══ Collected material ══
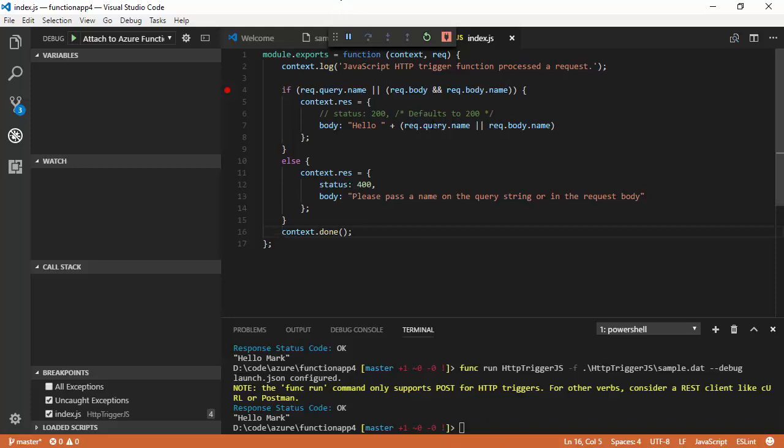And so, really, it's very simple to use the command line interface to create new functions, new function apps, and to just do some basic tests. So, hopefully, that gets you started. If you're using JavaScript, this is a really great way to work locally. If you're using C Sharp, as I said, I recommend that you use the Visual Studio 2017 tooling instead.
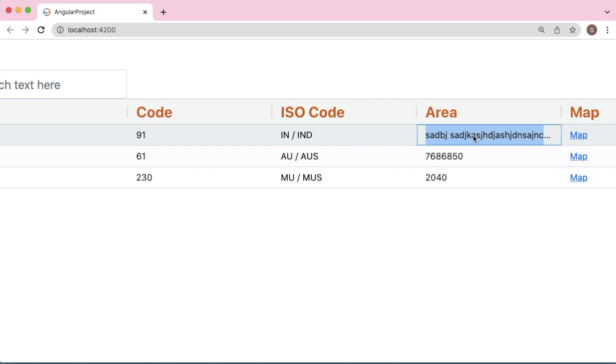But it's not good to show truncated values or text to the users. In these scenarios, it's better to wrap this text and show it to the user so that users can see the entire content of this particular cell.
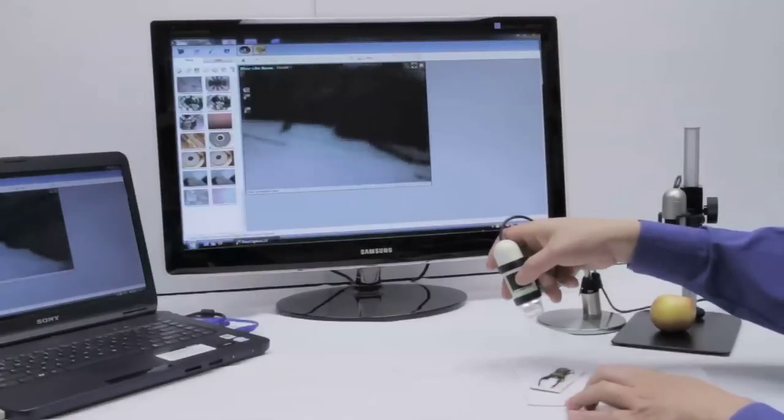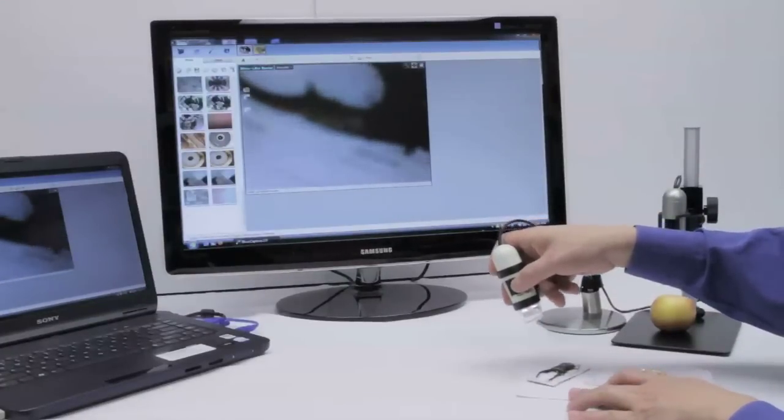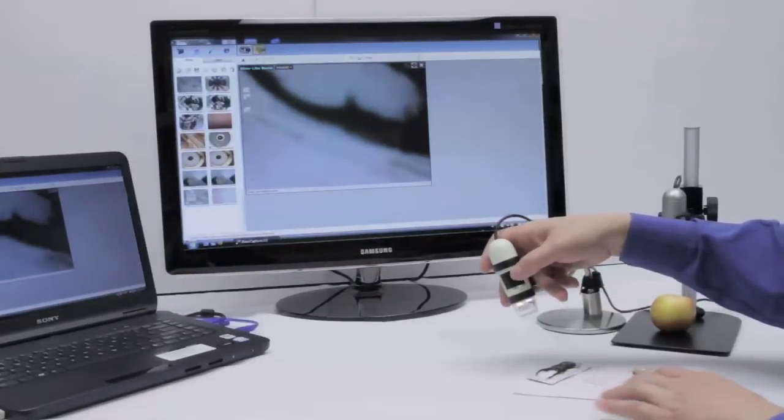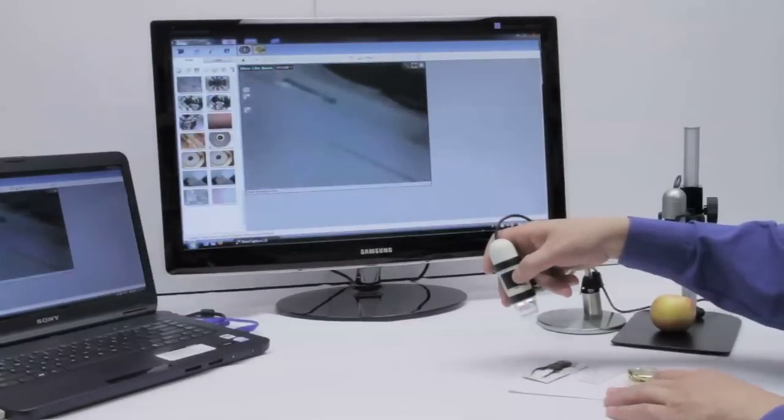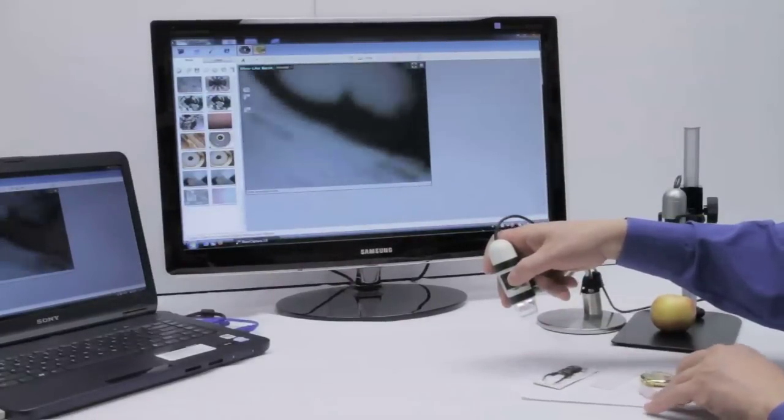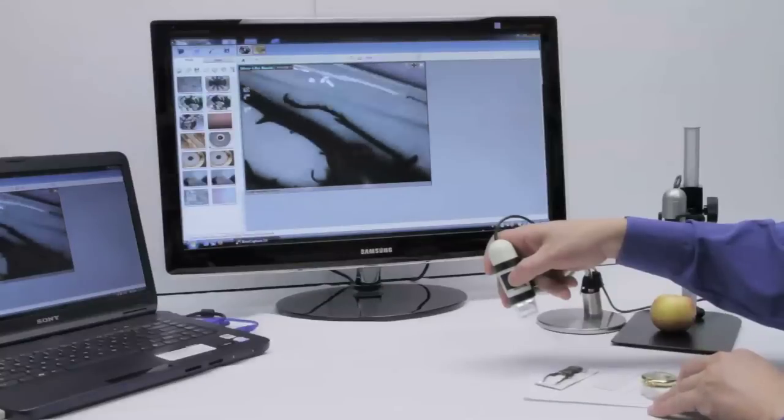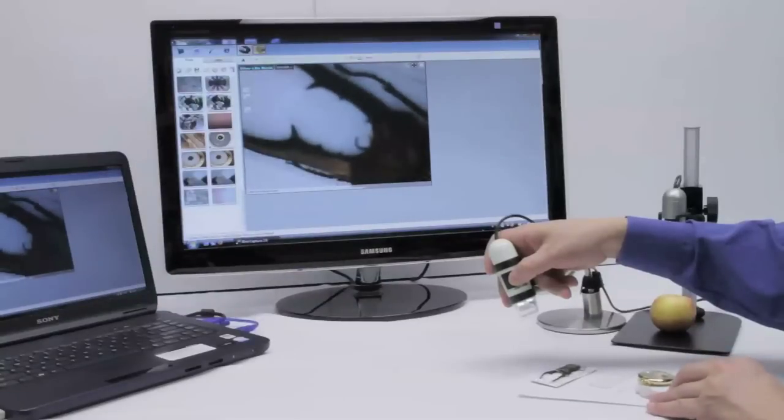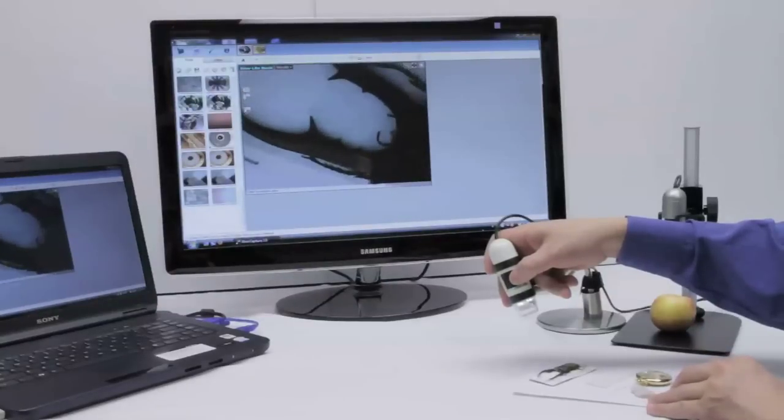To magnify the image we simply get closer to the subject, then by turning the black dial on the side you will focus on the image.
═══
## Your goal
Retype the data in full. Images do not go in the copy.

## Answer below
And so, really, it's very simple to use the command line interface to create new functions, new function apps, and to just do some basic tests. So, hopefully, that gets you started. If you're using JavaScript, this is a really great way to work locally. If you're using C Sharp, as I said, I recommend that you use the Visual Studio 2017 tooling instead.
But it's not good to show truncated values or text to the users. In these scenarios, it's better to wrap this text and show it to the user so that users can see the entire content of this particular cell.
To magnify the image we simply get closer to the subject, then by turning the black dial on the side you will focus on the image.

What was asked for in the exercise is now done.